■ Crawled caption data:
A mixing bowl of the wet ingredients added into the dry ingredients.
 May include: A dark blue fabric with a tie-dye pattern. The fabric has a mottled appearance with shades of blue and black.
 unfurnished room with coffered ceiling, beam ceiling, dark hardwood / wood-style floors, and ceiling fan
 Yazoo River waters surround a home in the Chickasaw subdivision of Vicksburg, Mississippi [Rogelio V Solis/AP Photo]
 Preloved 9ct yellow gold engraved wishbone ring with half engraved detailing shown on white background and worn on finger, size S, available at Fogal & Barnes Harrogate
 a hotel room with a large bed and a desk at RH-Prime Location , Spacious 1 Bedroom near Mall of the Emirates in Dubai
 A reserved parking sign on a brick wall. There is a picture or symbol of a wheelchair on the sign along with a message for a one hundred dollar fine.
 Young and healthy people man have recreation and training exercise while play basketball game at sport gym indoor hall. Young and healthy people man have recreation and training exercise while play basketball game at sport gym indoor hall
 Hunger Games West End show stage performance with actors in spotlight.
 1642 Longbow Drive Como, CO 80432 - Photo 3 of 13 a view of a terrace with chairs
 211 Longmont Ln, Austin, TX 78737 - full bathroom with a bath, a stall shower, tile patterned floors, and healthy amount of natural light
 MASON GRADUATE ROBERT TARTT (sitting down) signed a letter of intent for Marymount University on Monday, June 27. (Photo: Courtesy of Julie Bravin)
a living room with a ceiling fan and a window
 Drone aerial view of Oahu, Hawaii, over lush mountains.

■ WORK TASK:
What you return should consist solely of the lines from the one containing "Preloved 9ct yellow" through the end of the entries above, reproduced exactly.

■ EXERCISE RESULT:
 Preloved 9ct yellow gold engraved wishbone ring with half engraved detailing shown on white background and worn on finger, size S, available at Fogal & Barnes Harrogate
 a hotel room with a large bed and a desk at RH-Prime Location , Spacious 1 Bedroom near Mall of the Emirates in Dubai
 A reserved parking sign on a brick wall. There is a picture or symbol of a wheelchair on the sign along with a message for a one hundred dollar fine.
 Young and healthy people man have recreation and training exercise while play basketball game at sport gym indoor hall. Young and healthy people man have recreation and training exercise while play basketball game at sport gym indoor hall
 Hunger Games West End show stage performance with actors in spotlight.
 1642 Longbow Drive Como, CO 80432 - Photo 3 of 13 a view of a terrace with chairs
 211 Longmont Ln, Austin, TX 78737 - full bathroom with a bath, a stall shower, tile patterned floors, and healthy amount of natural light
 MASON GRADUATE ROBERT TARTT (sitting down) signed a letter of intent for Marymount University on Monday, June 27. (Photo: Courtesy of Julie Bravin)
a living room with a ceiling fan and a window
 Drone aerial view of Oahu, Hawaii, over lush mountains.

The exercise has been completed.